The case involves a Bivens action brought by a Las Vegas couple against a Drug Enforcement Administration agent, alleging the agent violated their Fourth Amendment rights during a flight stopover in Atlanta when the couple was flying home from San Juan, Puerto Rico.
The agent, Anthony Walden, was working with the DEA at the Atlanta airport in 2006. He seized $97,000 in cash from Gina Fiore and Keith Gipson. The couple said they had won the money at a San Juan casino.
They were stopped after drug dogs signaled at their bags. The agent, suspecting the couple to be involved in illegal drug activity, seized the cash. They said the agent subsequently prepared a false probable cause affidavit to have to money forfeited to the government.

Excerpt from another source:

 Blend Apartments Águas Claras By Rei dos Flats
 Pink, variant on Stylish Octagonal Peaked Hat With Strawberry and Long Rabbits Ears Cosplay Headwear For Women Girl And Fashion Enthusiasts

A federal prosecutor ultimately concluded that the government lacked probable cause to seize the cash, and it was returned to the couple about seven months later.
The couple brought a Bivens action in a Nevada federal district court, but the court dismissed the complaint for lack of personal jurisdiction. The conduct of the agent, the court held, was “expressly aimed” at Georgia and the only contact the agent had with Nevada was being told by the couple that they lived there.
The 9th U.S. Circuit Court of Appeals reversed. Acknowledging that the conduct was aimed at Georgia, a majority of the divided panel held that the “the false probable cause affidavit aspect of the case” supported jurisdiction in Nevada.
The Supreme Court granted the agent’s petition for certiorari, and the case will be heard and decided next term.
The case is Fiore v. Walden, No. 12-574.